Many small businesses are relying on small business loans to fund tax bills
If you are either running a small business or about to start one then you need to be very clear on the taxes that you will need to pay as a business owner. It is easy to overlook the need to keep on top of your tax situation - and then be faced with huge bills that you weren’t expecting.
According to Funding Options, the value of arrears on corporation tax payments increased by 15% last year, as businesses increasingly struggle to pay their tax bills. Some of these businesses are experiencing cashflow problems due to their own customers delaying payment.
As a business owner, it is critical to understand that “cash is king” and – right from the start - set aside money to meet your tax bills, have a contingency budget and plough profit back into your business to help finance any unexpected costs.
But what taxes does a small business owner have to pay? There are five taxes, as follows:
1. Income tax
If you’re a sole trader, you’ll pay income tax on your business’s profit if it is over the tax-free personal allowance of £11,000. If your business is a limited company, you could pay income tax on any salary or dividends you take from the company - depending on how much you take out.
2. National Insurance
Not a tax as such, but still money that you are obliged to pay to the government.

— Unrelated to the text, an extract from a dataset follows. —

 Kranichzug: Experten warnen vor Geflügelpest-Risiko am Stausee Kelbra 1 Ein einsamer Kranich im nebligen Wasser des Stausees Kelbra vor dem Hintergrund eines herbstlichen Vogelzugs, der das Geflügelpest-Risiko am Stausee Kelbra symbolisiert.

If you are a sole trader you’ll pay a flat weekly rate Class 2 NI, (unless your business’s profits are under the Small Profits Threshold, which is £5,965) and also Class 4 NI once your business’s profits go over £8,060.
Class 4 NI is worked out as a percentage of your business’s profit. If your business is a limited company, and the company’s paying you a salary of £8,060 or more, then it’ll have to deduct Class 1 employee’s NI from your wages and pay that over to HMRC. The company will also have to pay Class 1 employer’s NI to HMRC.
3. Corporation tax
Limited companies pay 20% corporation tax on all their profits 9 months and 1 day after the company’s accounting year end. Sole traders do not pay corporation tax.
All types of businesses that make VATable sales of more than £82,000 a year have to register for VAT. The amount of VAT a business pays or claims back from HM Revenue and Customs (HMRC) is usually the difference between the VAT charged by the business to customers and the VAT the business pays on their own purchases.
5. Business rates
If your business operates from office or retail premises, then you may have to pay business rates; this is like council tax, but for business properties. If you run your business from home, you do not normally have to pay business rates as well as council tax, unless you have staff or customers coming to your home or your property is part business and part domestic.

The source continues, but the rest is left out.